La langue officielle reflète l'unification de l'État. Pierre Bourdieu
reprend les travaux d'historiens sur le développement des langues avec
la formation des États-nations. Les pratiques linguistiques sont mesurées
par les pratiques dominantes et légitimes.
Bourdieu critique la linguistique de Saussure séparant la linguistique
interne (i.e. science de la langue) et la linguistique externe (i.e. science
des usages sociaux de la langue).
Tout en rendant justice aux théoriciens des actes de langage, Bourdieu
juge qu'Austin et des auteurs ayant subi son influence n'ont pas poussé
jusqu'au bout leurs analyses. Pour ces auteurs, c'est l'institution qui
accorde un sens, une autorité aux paroles, tel l'orateur homérique qui
saisit le skeptron pour prendre la parole. Pour Bourdieu, l'acte d'autorité
n'est que la limite de la langue légitime « dont l'autorité réside dans
les conditions sociales de production et de reproduction de la distribution
entre les classes de la connaissance et de la reconnaissance de la langue
légitime ». La force qui agit à travers les mots se trouve dans les paroles
mais aussi à travers les porte-parole représentatifs d'un groupe. Pour
comprendre cela, il faut construire une théorie du pouvoir symbolique,
objet de la troisième partie ; cette théorie est appliquée à l'espace
politique.
Cette partie, dont la plupart des textes datent de 1980, influencée par
les écrits de Marx, Gramsci, Weber, trouve une acuité face à ce qu'on
appelle aujourd'hui « la crise du politique ». Cette grille de lecture
sociologique des partis et des discours politiques est éclairante pour
analyser la position des dominés de certains partis créant des courants,
des tendances, pour bousculer les dominants ; les difficultés du parti
communiste à représenter la classe ouvrière ; ou encore, les dominants
des partis conservateurs qui, ne trouvant rien à redire au monde social
tel qu'il est, imposent un discours empreint de simplicité, utilisent
des euphémismes tels que « la France d'en bas » reflétant la soumission
à l'ordre établi. Le champ politique est un des lieux privilégiés où s'exerce
le pouvoir de représentation ou de manifestation. La relation entre les
partis et les classes est une relation symbolique entre le signifiant
et le signifié. Cependant, la professionnalisation de l'activité politique
et l'autonomisation du champ politique induisent une conséquence paradoxale :
la dépossession politique.

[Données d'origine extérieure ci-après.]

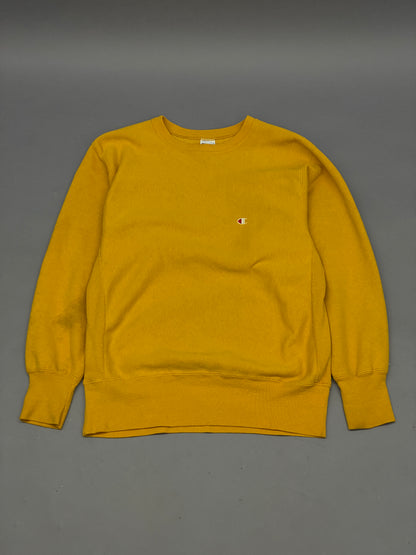 Champion Reverse Weave Vintage Sweatshirt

Les individus privés de capital culturel et
économique vont déléguer.
Cette délégation va conduire au fétichisme politique. Les fétiches politiques
sont des gens, des êtres qui ne semblent devoir qu'à eux-mêmes une existence
que les agents sociaux leur ont donnée.
Niveau de lecture
Cet ouvrage est une contribution majeure à la compréhension du système
politique actuel et demande une connaissance des concepts de la sociologie
de Bourdieu.
Note de lecture rédigée par Aline Mignan,
Professeur à l'université d'Évry-Val-d'Essonne, à Évry
BOURDIEU Pierre ; B. THOMPSON John, Langage et pouvoir symbolique Paris
: Seuil, 2001. 423 p. (Collection Points. Essais ; 461)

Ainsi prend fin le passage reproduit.